In addition to higher costs for growers, a crackdown on illegal immigration had a second unintended effect, says a study by the Public Policy Institute of California (PPIC), which looked at the impact of Arizona’s anti-illegal immigrant law, SB 1070. The law did have the intended effect of reducing illegal immigrants in the state, it noted. But it found that those undocumented immigrants who stayed in the state were forced into an even deeper underground economy—one in which labor regulations are practically nonexistent.
Before the law was enacted, undocumented workers could hold “above-ground” jobs and receive the labor and employment law protections that came with them. But unable to hold such jobs, those immigrants, mostly Latino, began to seek jobs on an ad hoc basis. A similar trend occurred in Alabama and Georgia, which also enacted anti-illegal immigration laws, causing a significant growth in the underground economy.
These new “self-employed” laborers are pushed into a world in which labor and employment law enforcement is non-existent, says the PPIC study. “Employers hold all the power in the employer-employee relationship. A constant distrust of law enforcement and overwhelming fear of deportation make undocumented immigrants an easy target for employers looking to exploit workers. Simply put, abuse by employers is high because undocumented workers risk too much by denouncing any injustices.”
Besides the higher cost to farmers, then, and the loss of rights by workers, there is a wholly unintended effect of Republican efforts to tamp the flow of undocumented workers, concludes the PPIC: By threatening the prosecution of undocumented workers and pushing them into an underground economy, the government cannot collect any taxes stemming from the underground transactions. “Supporting, not alienating immigrants, furthers the goal of healthy government budgets,” sums up the study.
Lack of Labor Law Protections Result from Anti-Immigration Policies (Public Policy Institute of California) (pdf)
Labor Costs Could Prompt Produce Industry Changes (UC Davis)
Benefit Delays
The Labor and Workforce Development Agency’s largest department, the Employment Development Department (EDD), has performed at an unacceptable level for a decade by U.S. Department of Labor standards, according to the California State Auditor.
A March 2011 report (and the Labor Department) criticized EDD for not delivering unemployment benefits in a timely fashion. The department has responded to this ongoing criticism for years by increasing staff and allowing them to work overtime but has failed to implement key reforms.
The department replaced an antiquated phone system in December 2010 that had been blamed for some of its problems, but the Auditor warned that “access to agents may continue to be a challenge.” Forty-eight percent of callers who wished to speak to an agent in 2001-02 were unsuccessful; that number grew to 91% in 2008-09.

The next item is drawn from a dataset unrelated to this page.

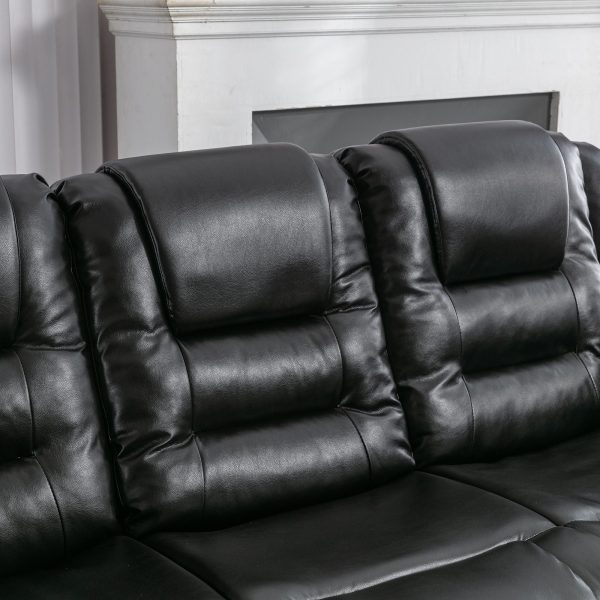 3 Seater Home Theater Recliner Manual Recliner Chair With Two Built-In Cup Holders For Living Room Online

The Auditor also expressed skepticism that EDD would be able to meet a September 2012 federal deadline for changing the way it calculates base pay for claimants in order for it to qualify for $839 million in stimulus funds.
Finally, the Auditor criticized long delays by EDD in determining eligibility for the California Training Benefits program, thereby shortchanging claimants and limiting their participation.
The Auditor acknowledged that the economic downturn was responsible for much of EDD’s difficulties, citing a rise in the state’s unemployment rate from 5.3% in 2007 to 12.3% in 2010. And federal extensions of benefits during that period caused a major uptick in the department’s workload.
Its Unemployment Program Has Struggled (State Auditor) (pdf)
Should Labor Costs be Trimmed to Ease the State’s Financial Troubles?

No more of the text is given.